How To Stop Degrading Names Among Girls

How To Stop Degrading Names Among Girls
Do you want to know a secret about girls? The answer may be alarming and harmful to read so I caution you.

Your daughter may sometimes degrade herself and in the teen world – it’s the new thing to do. Do you want to know a bigger secret? It occurs in the adult world as well-we just give it a different name. Check out things you may not know about your daughter.

Girls are using the names bi---, sl--, and h— as nick names. The interesting thing is so are boys when they refer to girls. And thanks to our music and TV. world those same degrading names can be heard on a regular basis.

If we use degrading names even in the slightest way – it’s an insult to not only the person for who it’s intended but for ourselves as well. As an adult these types of things can have a ripple effect.

Under the bill of rights it clearly indicates the “freedom of speech” and this is what you do with that right. For a lot of people especially women we waited a long time to have the ability to speak. And in some countries women still don’t have the ability to speak their mind. And again, this is what you do with your ability to speak.

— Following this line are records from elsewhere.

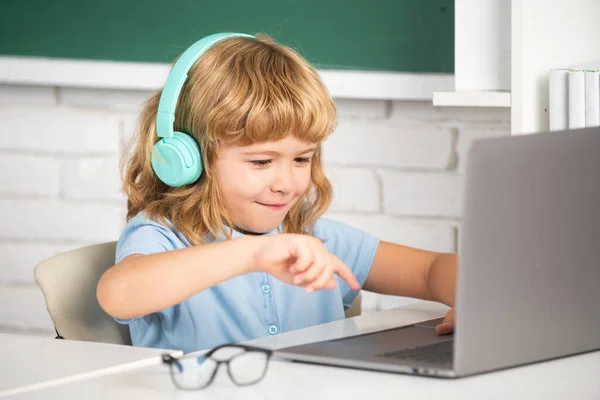 Slimme Jongen Een Koptelefoon Zit Achter Een Bureau Studeert Online — Stockfoto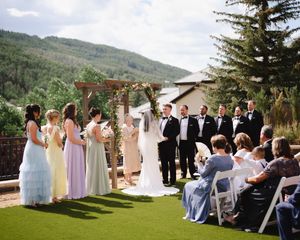 Panoramic view of an outdoor wedding ceremony in a mountainside setting with guests seated on white chairs.
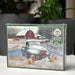 Cobble Hill puzzle box with a winter scene featuring a truck, dogs, and a barn.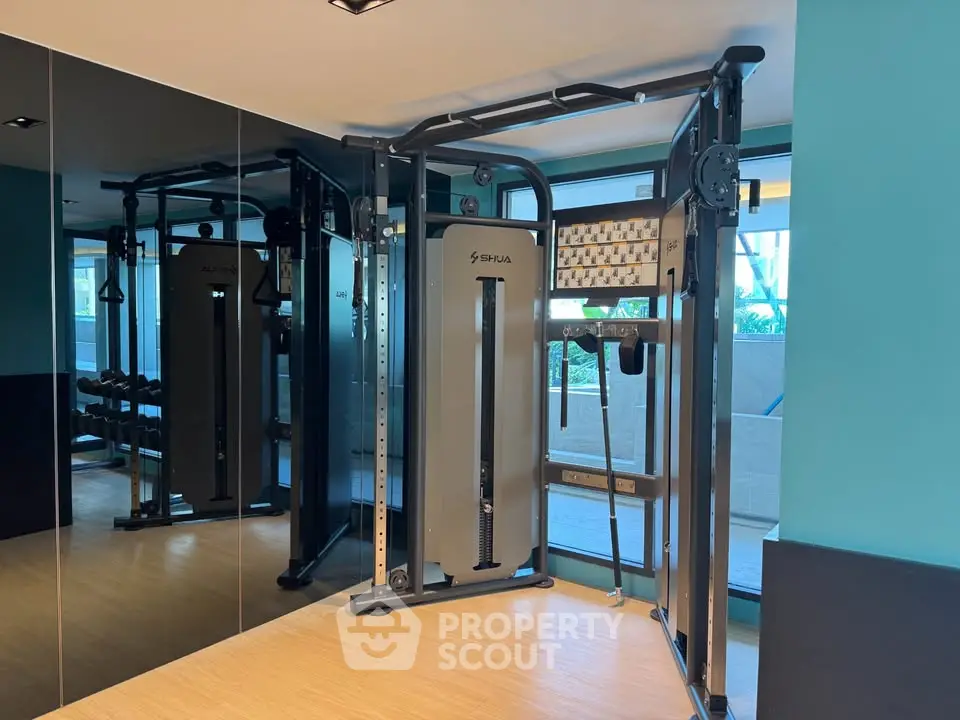 Modern gym with state-of-the-art fitness equipment and mirrored walls in a luxury residential building.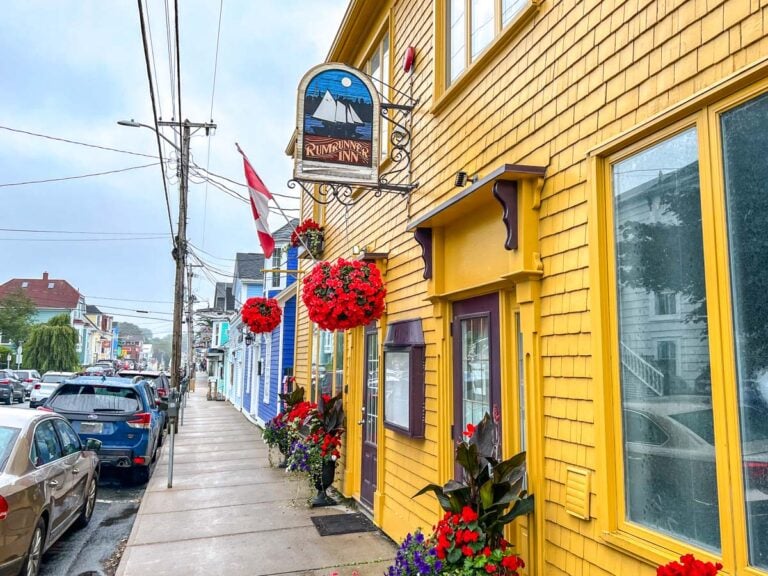 colourful yellow wooden inn building with sidewalk beside and cars parked on street in lunenburg.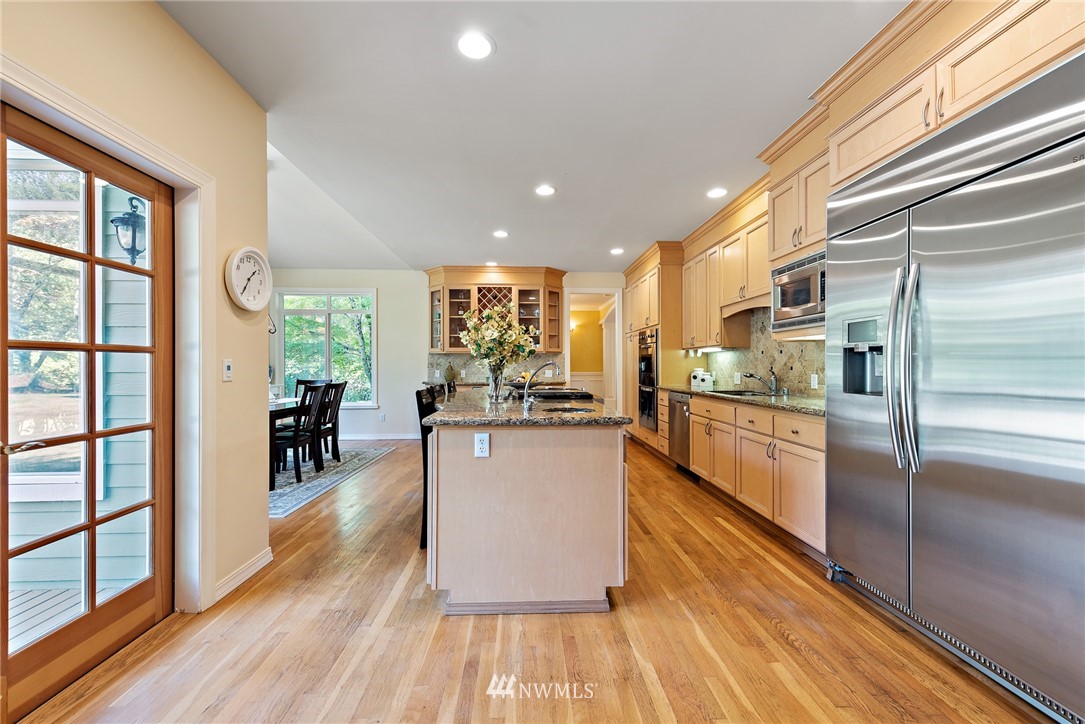 18416 Southeast 195th Place Renton, WA 98058 - Photo 8 of 32 a kitchen with stainless steel appliances granite countertop a refrigerator a oven a stove and a wooden floors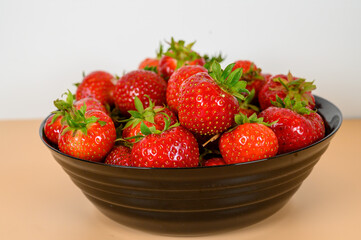A black bowl filled with bright red strawberries, highlighting their juicy appearance and green leafy tops. The vibrant colors create an inviting and refreshing look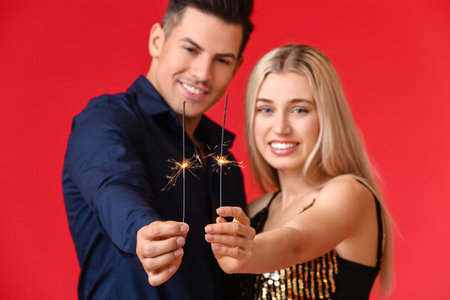 Happy young couple with Christmas sparklers on color backgroundの写真素材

Let’s start by encouraging your daughter to respect herself. Have her imagine the same friends being enemies calling her those same names and her being a victim. This will instill sudden respect for herself.

Another tip can be to encourage her to create word exchange among her friends. Of course it’s new but she can be the first to start a new trend at her school.
And here is a really big tip. It’s starts at home – so parents reframe from referring to friends, co-workers or anyone else as a degrading name. Names such as a dumb a—, man hoar, office slut etc... Show them how to use word exchange. Also, monitor and censor music and TV.

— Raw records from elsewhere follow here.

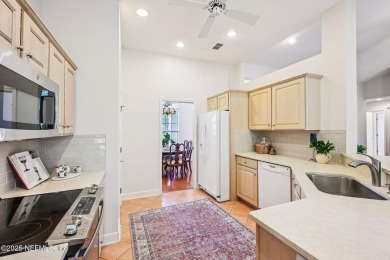 This custom-built home in the sought-after Woodlake section of on Eagle Harbor Golf Club in Florida - for sale on GolfHomes.com, golf home, golf lot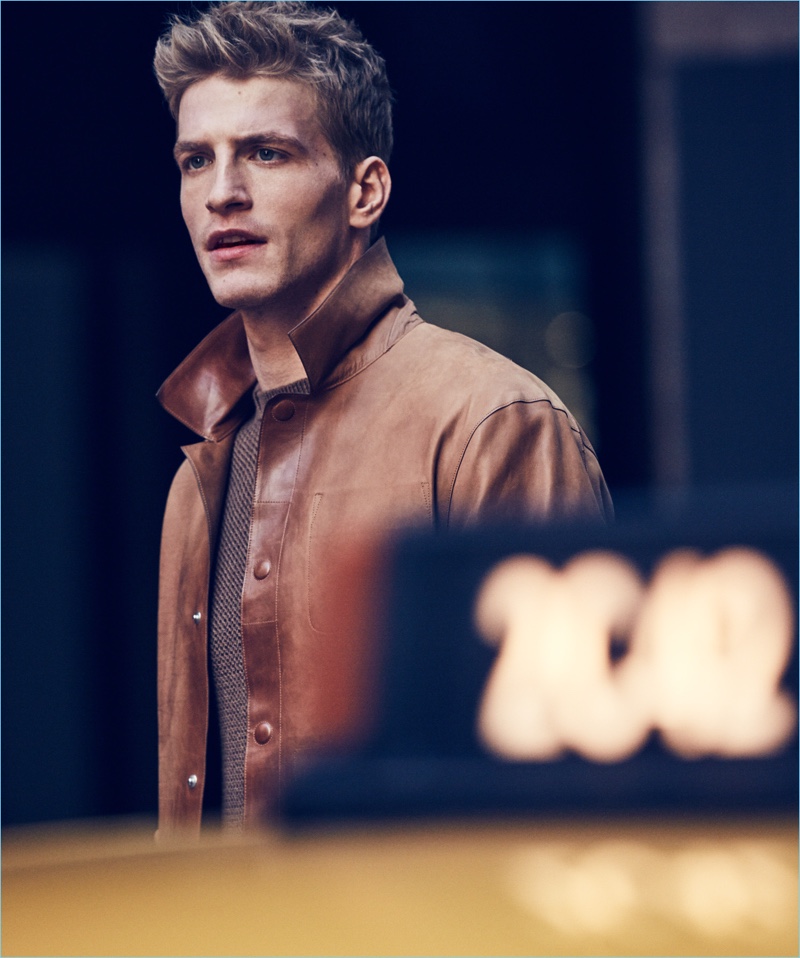 Front and center, Jesse Shannon sports an Ermenegildo Zegna leather jacket and cashmere sweater.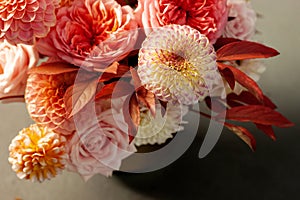 Floral composition of dahlia flowers, roses and autumn leaves.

As for the world of music and media I’m still working on that one – but at least this is a start. If we use and demand for word exchange maybe we can get the music world to make music with better words.

Once we open the door of establishing respect again our children can then welcome balance. They will be better young adults. They will have ability to respect not only themselves but friends, adults, work, life and all it has to offer. They will also be more cooperative.

Let’s not let our daughters disrespect self – and let’s not let anyone else disrespect her either. Not a boy, a friend, the media, the music world or your daughter herself. Let’s start with ourselves and the rest of the world will follow – it will have a ripple effect.